Three years later, instead of extending the grant, the DOE invited Drmanac, his wife, and their team of nine scientists to continue their research at Argonne National Laboratory. The timing was serendipitous. Within three months of the Drmanacs's arrival in the US with their twin children, war broke out in Slovenia. 'If it had been three months later, we would probably still be in Yugoslavia,' he says.

In Chicago, Drmanac hooked up with patent attorney Lewis Gruber who helped him and his coinventor Radomir Crkvenjakov file a patent application for sequencing by hybridization. The procedure was new territory for the Yugoslavians. Recalls Drmanac: 'In Belgrade, when I mentioned to people that I want to file a patent, they said, Patent in molecular biology? What do you need patent for?' His is still the only patent held by the institute, which today is a major shareholder in Hyseq.

Drmanac wasn't dissuaded. 'I had a feeling that it must be useful because we have to sequence genomes,' he says. Gruber must have seen promise in Drmanac's invention too: He persuaded him to go into business. They incorporated Hyseq in 1992.

There's no doubt Drmanac's technology has been fruitful for Hyseq. The company has used the method to process more than 20 million cDNA libraries and discover some 5,000 rarely expressed genes.

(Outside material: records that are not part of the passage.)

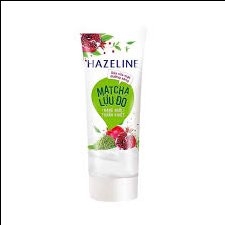 Sữa rửa mặt Hazeline Matcha lựu đỏ tuýp 50ml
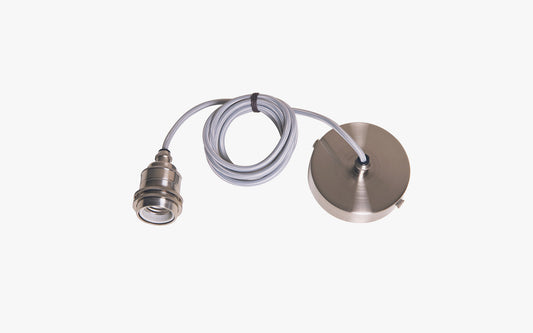 Satin Nickel Ceiling Kit - Included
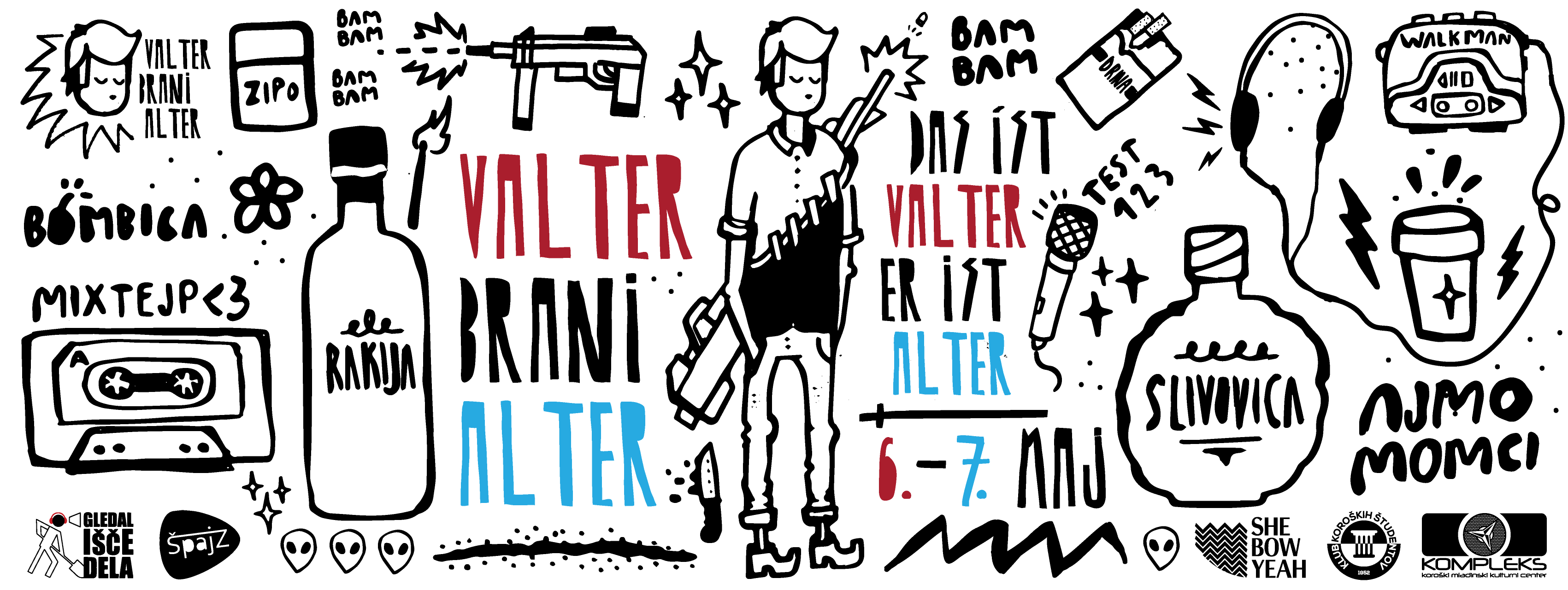 Valter brani alter v Kompleksu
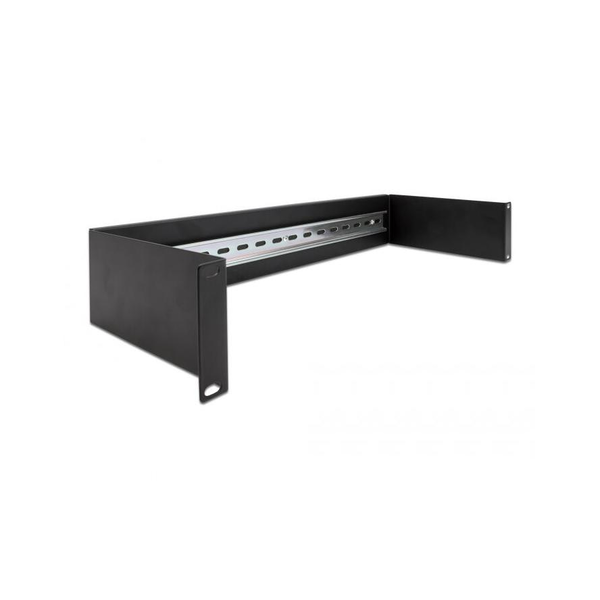 DELOCK Panel na DIN lištu 19 2U, čierny - panel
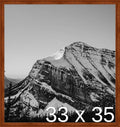 Frame It Easy 33 x 35 Russet Wood Frame by FrameItEasy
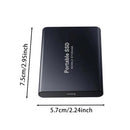 Disco rigido esterno portatile,SSD ad alta capacità, archiviazione su disco rigido USB di archiviazione per PC, TV, laptop, ufficio, compatibile con Mac e Windows 64GB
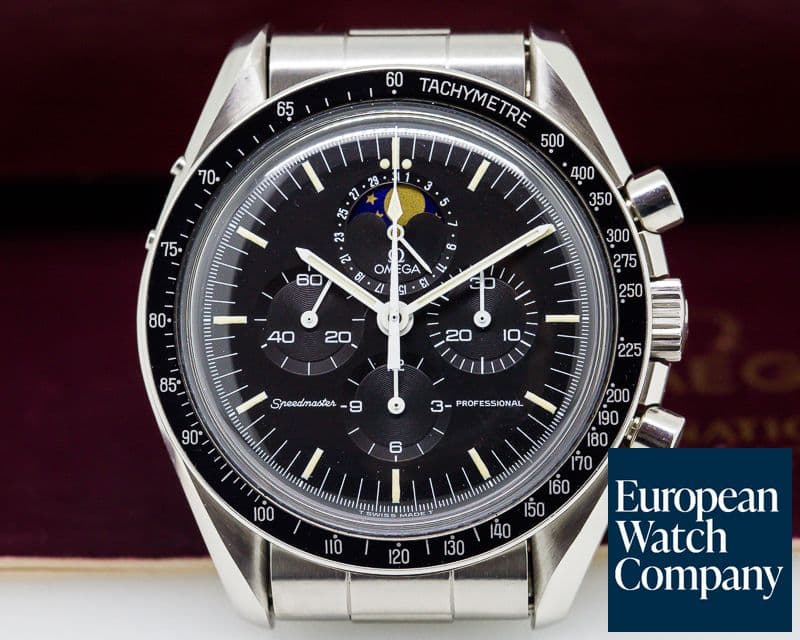 Image of Omega Speedmaster Professional "Speedymoon' Moonphase / Date Box and Papers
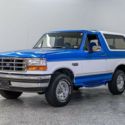 1994 Ford Bronco XLT 90026 Miles Blue/White SUV 302ci 4-Spd Auto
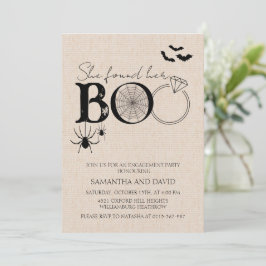 Invitación Encontró Su Boo Rústico Compromiso Con Halloween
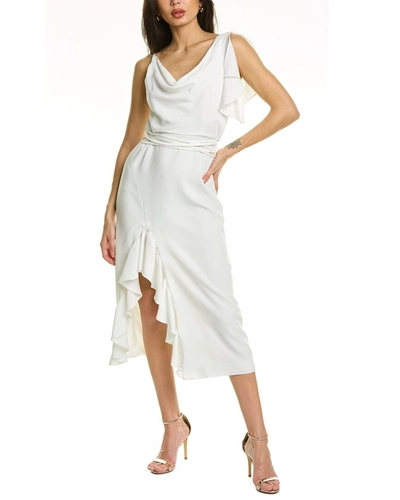 Cinq À Sept Lavonne Midi Dress In White
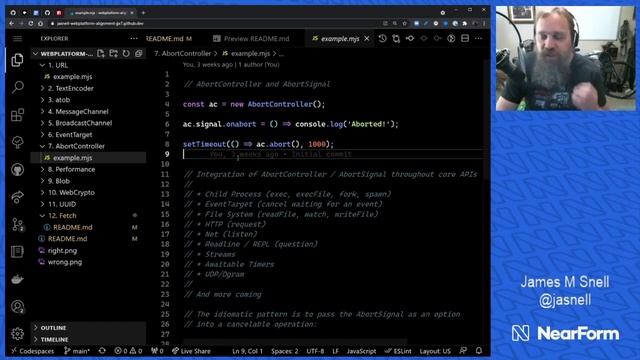 Aligning Node.js with the Web Platform - James M Snell, NearForm смотреть онлайн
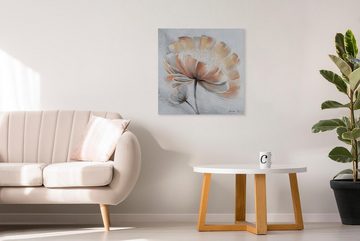 KUNSTLOFT Gemälde Springing of a New Life 80x80 cm, Leinwandbild 100% HANDGEMALT Wandbild Wohnzimmer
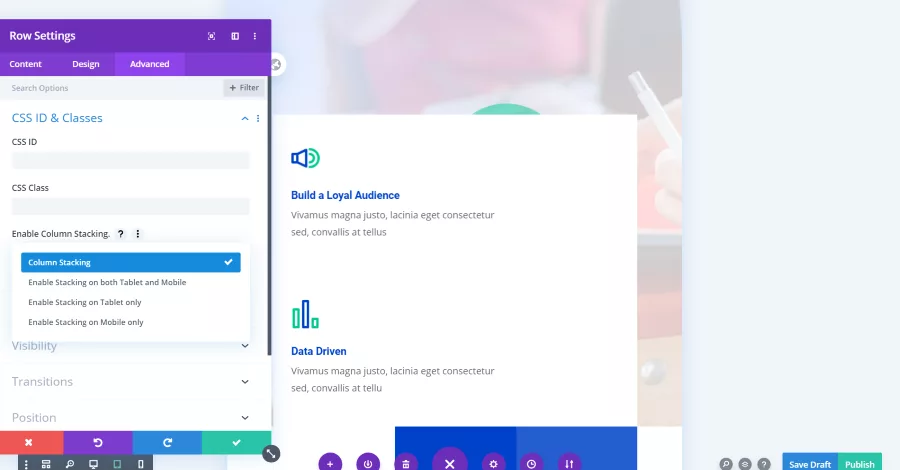 Divi Responsive Helper Column Stacking Order
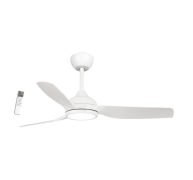 Ανεμιστήρας Οροφής PRCF-80727 PRIMO 52” 132εκ. Με Τηλεχειριστήριο 1 Φως LED 3Φτερά IP66 με WiFi Λευκός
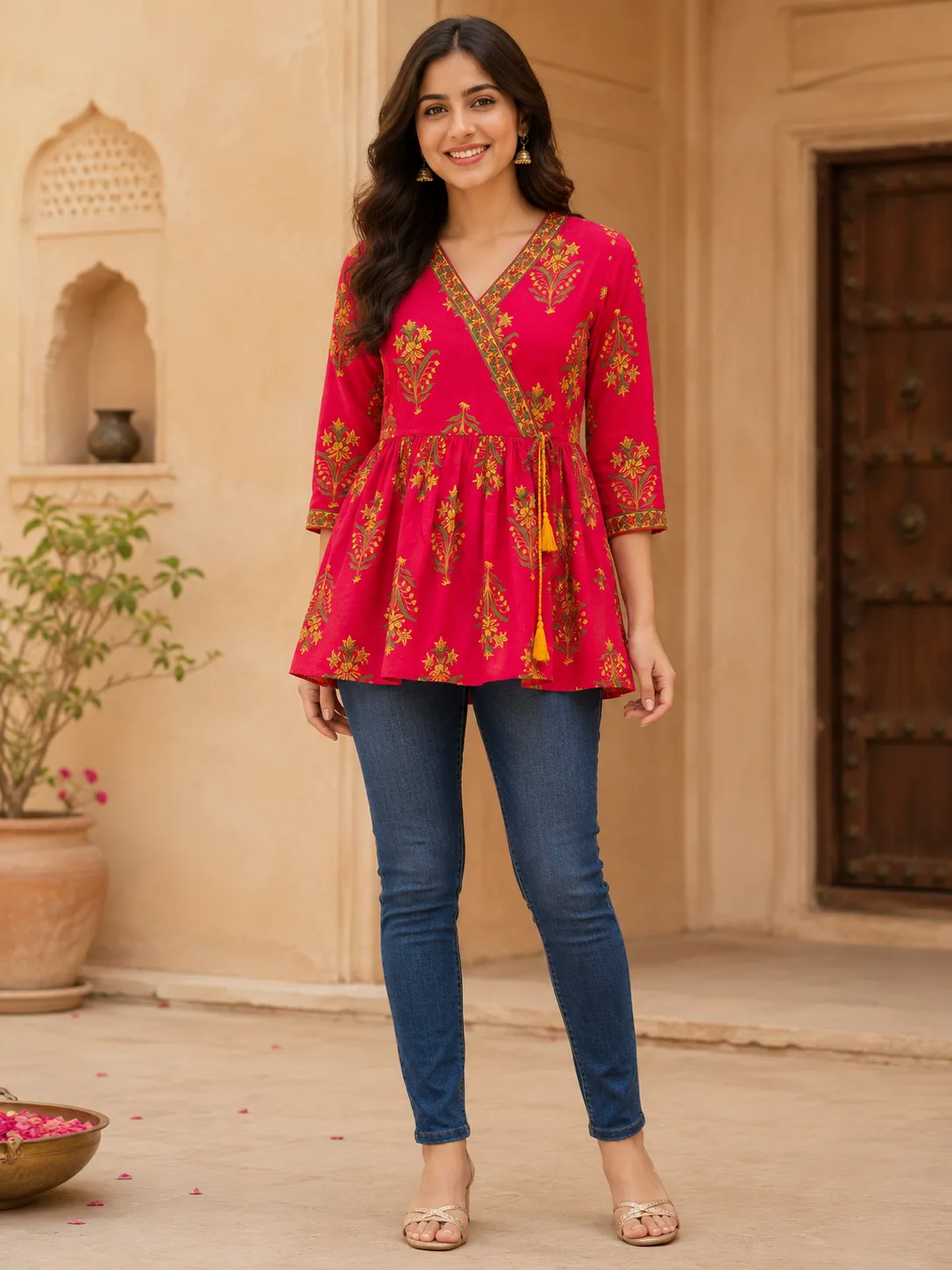 Short top Floral Printed (Rani)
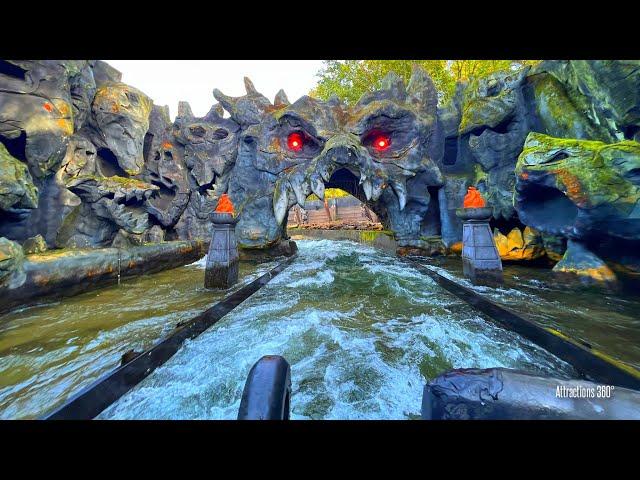 [4K] Best Themed River Rapids Ride | Excalibur Rapids Ride | Movie Park Germany 2022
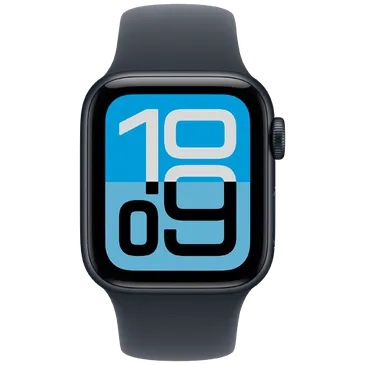 Apple Watch SE 3 40mm 5G Dunkelblau (Dunkelblaues Gummi Armband S/M)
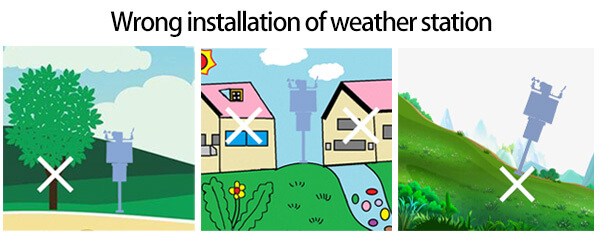 wrong way to mount wind sensor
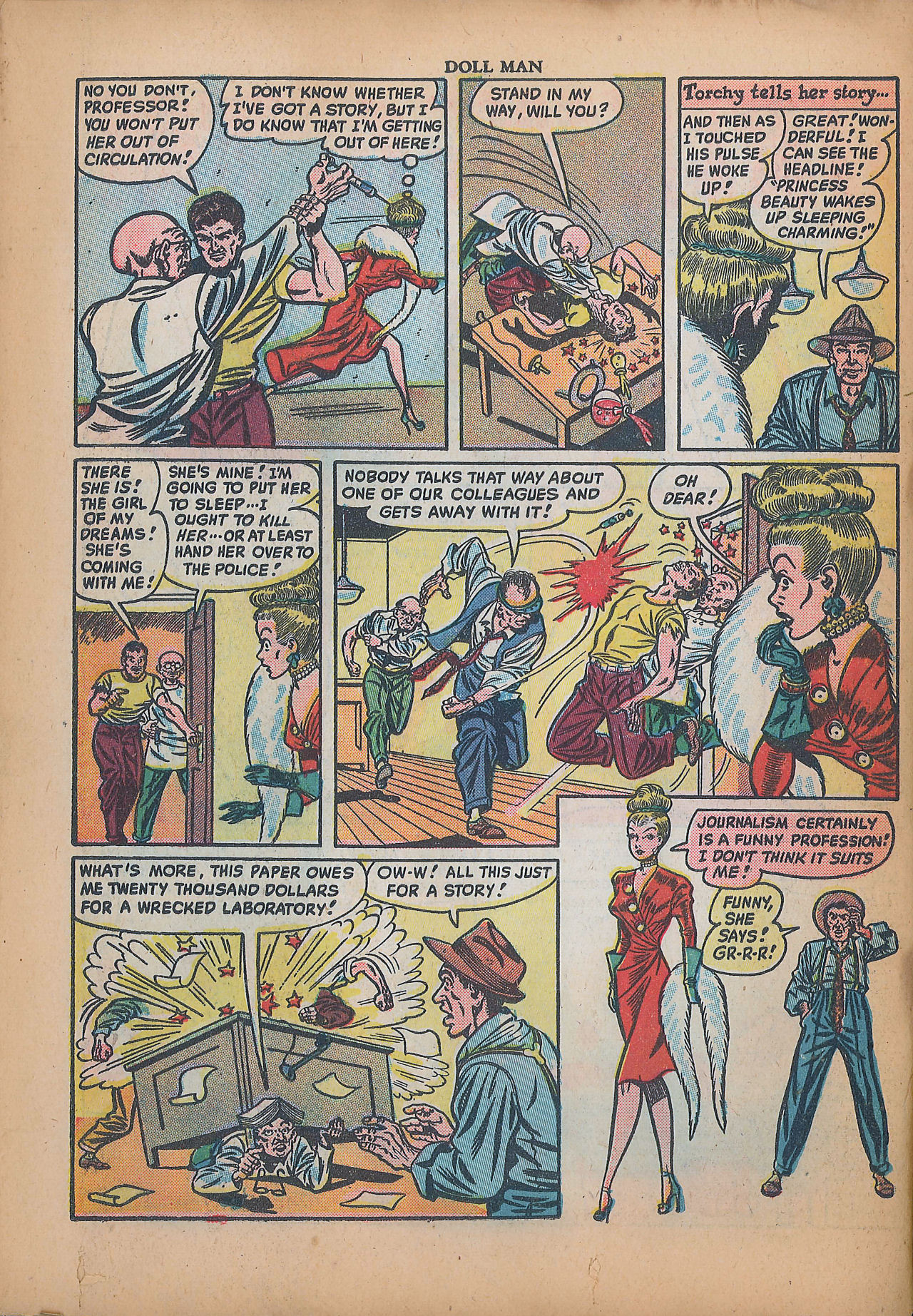 Read online Doll Man comic -  Issue #22 - 22
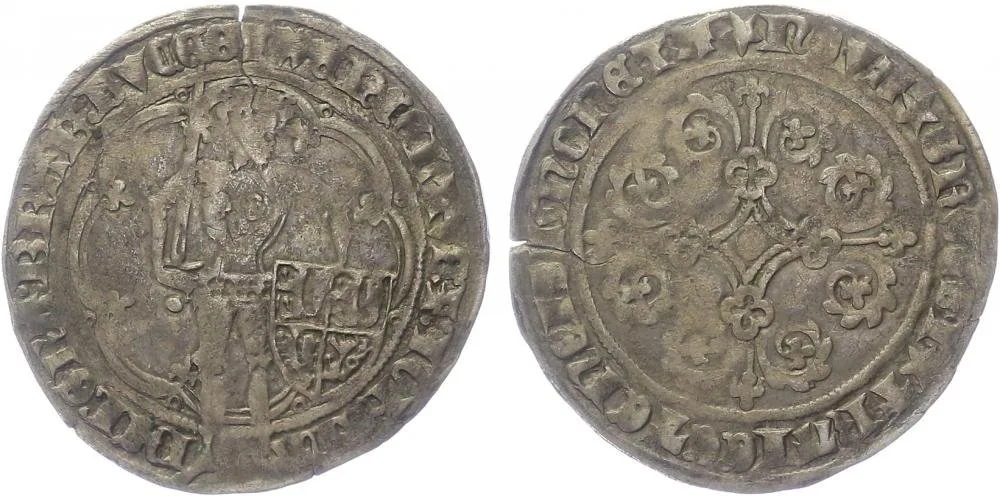 Belgie - Brabant, Jana Brabantská a Václav Lucemburský, 1355 - 1383 — 1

Sequencing by hybridization is so central to the business that email domains there are @sbh.com rather than @hyseq.

But Drmanac's dream — that the rest of the genomics universe sees the beauty of his invention — has yet to be realized. Since 1997, Hyseq has been hung up in patent battles with Affymetrix. And a deal struck the same year with PE aimed at large scale commercialization of sequencing by hybridization chips has yet to go anywhere. Drmanac is eternally optimistic. He predicts that someday SBH will be used to sequence the genome of every newborn baby. No one can call him a quitter.